Recorded information Block Start

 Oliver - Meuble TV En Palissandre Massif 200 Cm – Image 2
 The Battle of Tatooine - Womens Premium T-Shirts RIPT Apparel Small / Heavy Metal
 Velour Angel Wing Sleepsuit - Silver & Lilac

Recorded information Block End
Recorded information Block Start

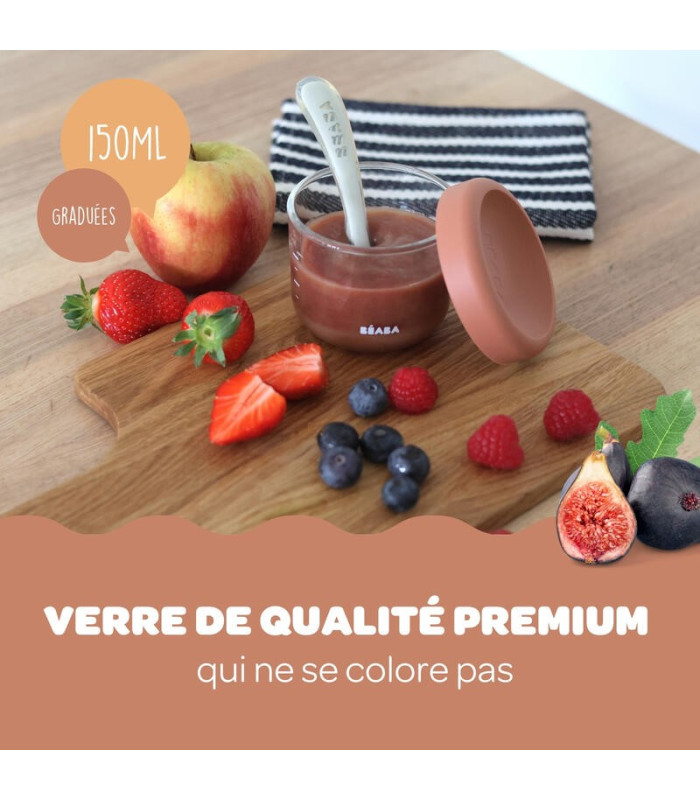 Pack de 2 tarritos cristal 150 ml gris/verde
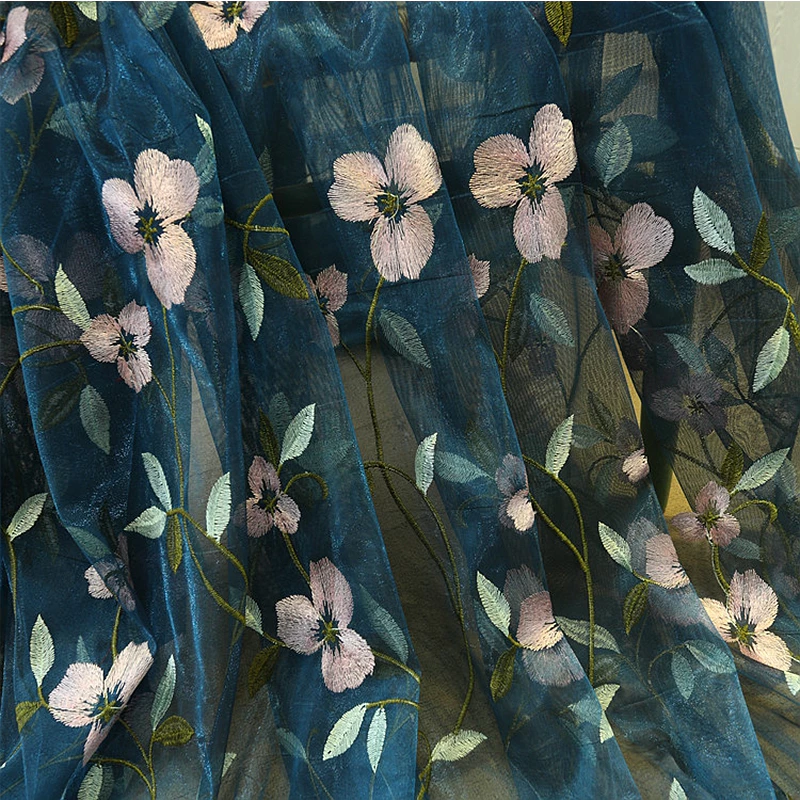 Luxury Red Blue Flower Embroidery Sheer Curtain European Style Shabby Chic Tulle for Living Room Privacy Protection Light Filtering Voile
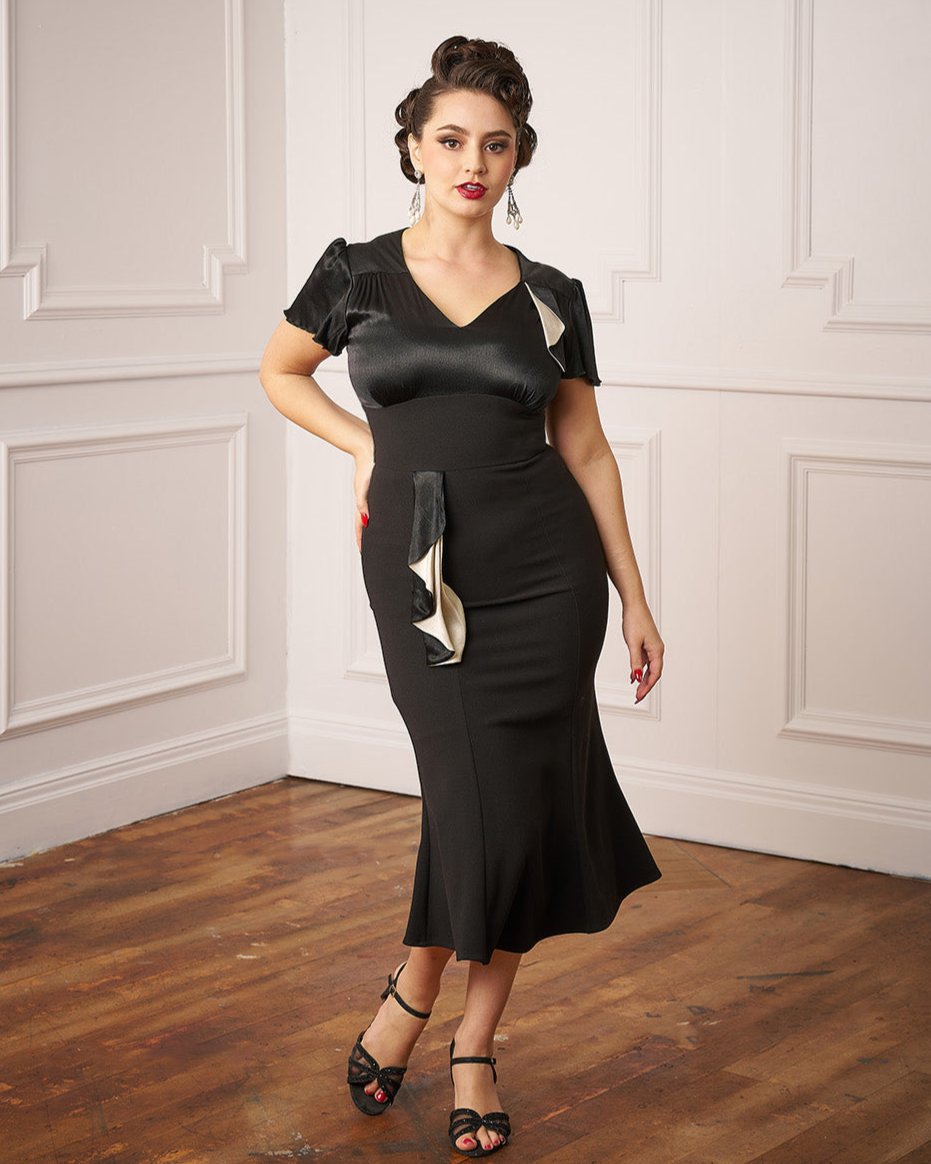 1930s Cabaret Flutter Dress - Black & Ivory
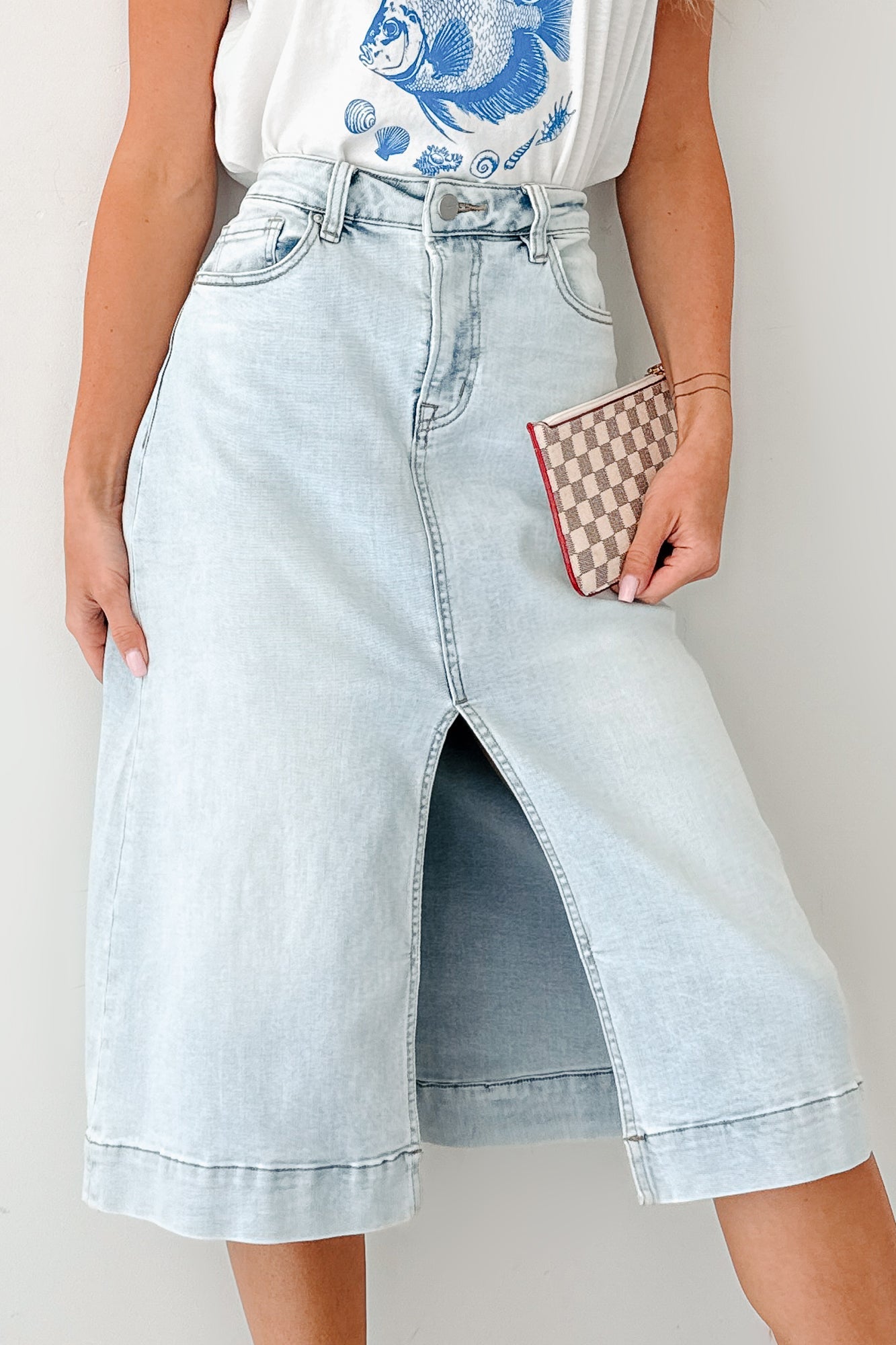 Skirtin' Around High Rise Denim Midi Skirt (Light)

Recorded information Block End

• _Requirement_
Word for word, restate the lines above from the line containing "Oliver - Meuble" through the line containing "Velour Angel Wing Sleepsuit - Silver & Lilac", with both included and nothing else.

• _Response_
 Oliver - Meuble TV En Palissandre Massif 200 Cm – Image 2
 The Battle of Tatooine - Womens Premium T-Shirts RIPT Apparel Small / Heavy Metal
 Velour Angel Wing Sleepsuit - Silver & Lilac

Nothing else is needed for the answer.